Evaluation-Driven Development (EDD) 2026: The TDD Replacement for LLM Systems

Q: Why does TDD break for LLM-powered features and what specifically needs to change in the development discipline?

TDD breaks structurally in four ways that compound. The strict-equality assertion that TDD depends on cannot be written for an LLM call because two invocations of the same prompt produce two different outputs both of which may be correct, and setting temperature to zero does not fix the problem because different model versions and runtime conditions still produce different outputs. The "correct" output is a distribution rather than a single value — an LLM feature has a range of acceptable outputs for any given input (multiple correct rewrites, multiple correct summaries, multiple correct answers to an open-ended question), and the eval is a measurement of whether the output falls inside the range rather than equals a specific value.

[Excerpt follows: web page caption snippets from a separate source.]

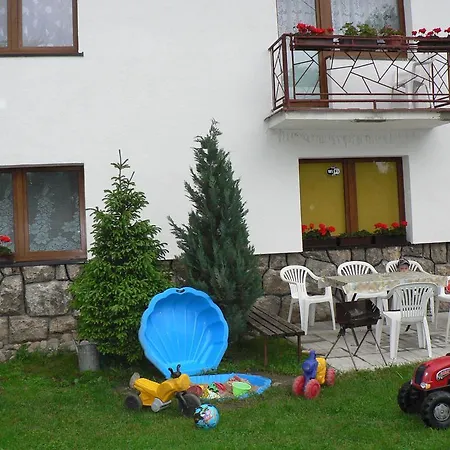 Apartman Besenova * Bešeňová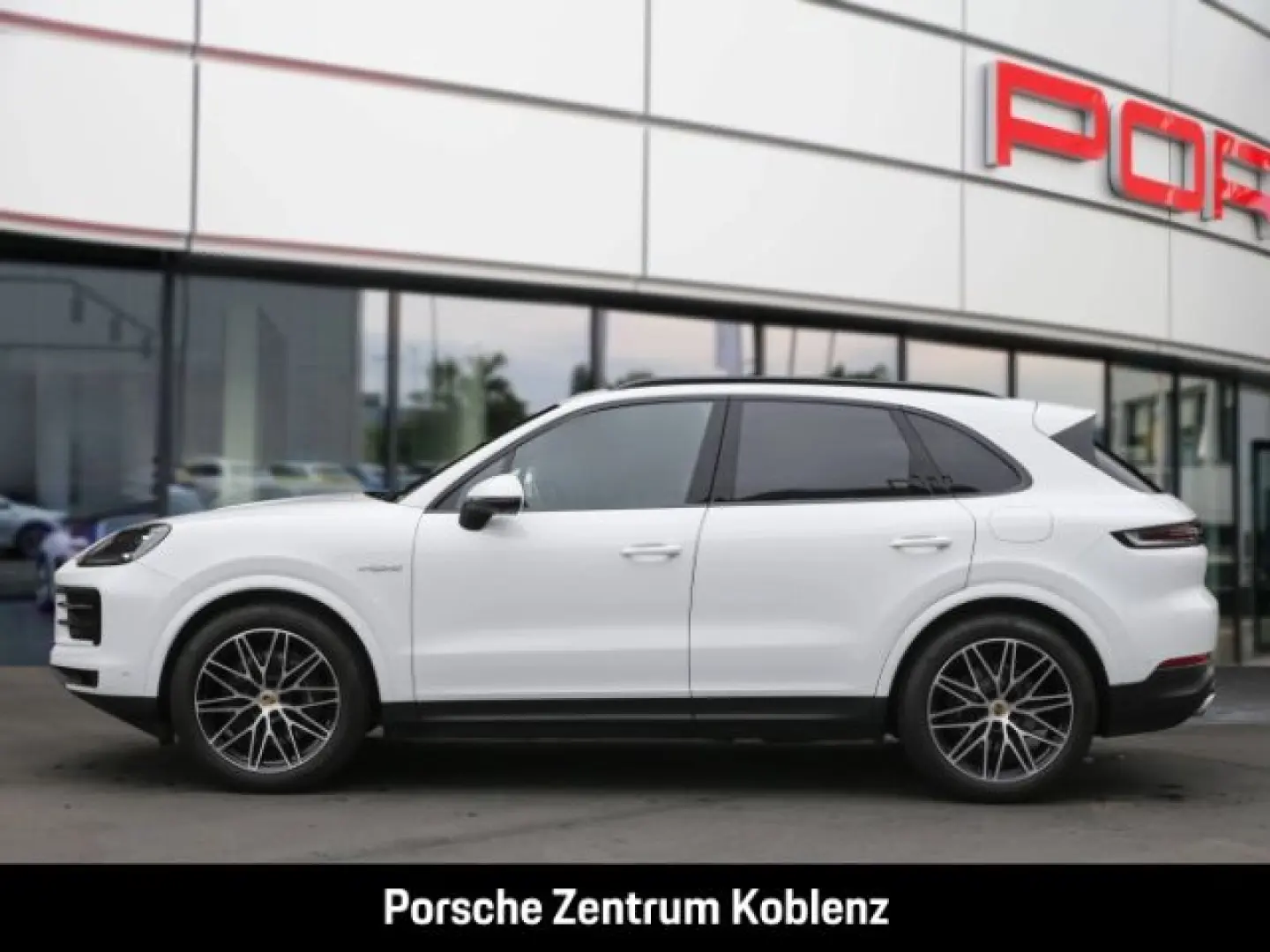 Cayenne E-Hybrid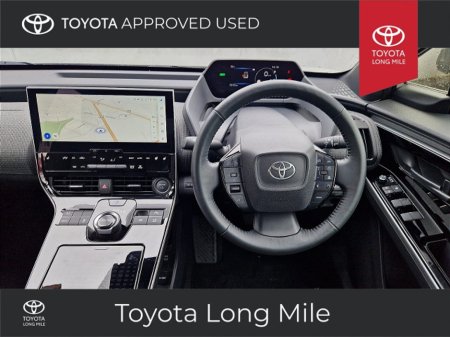 2025 Toyota bZ4X Electric Sport FWD 11KW €36,749 thumbnail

The red-green-refactor loop has no green — an EDD eval produces a score on a continuous scale, and the question is whether the score improved or regressed relative to the prior version; there is no binary pass-fail, only "better than the last version on the metric the team has agreed to optimise for, without regressing on the metrics the team has agreed to protect". The assertion itself is fallible — an LLM-as-judge can misclassify, a similarity metric can reward verbose outputs over concise ones, a rubric can be ambiguous in the cases the team cares most about — so the assertion has to be calibrated against human judgement periodically, a discipline that has no analogue in TDD. The change is that the inner loop reshapes around eval sets instead of unit tests, distribution verdicts instead of boolean pass-fail, calibrated judges instead of strict equality, and a ratcheted baseline instead of a fixed expected output. The same discipline shape — write the assertion before the implementation, ratchet the assertion as the implementation improves, gate every change on the assertion's verdict — survives the transition with the artefact reshaped from unit tests to eval sets.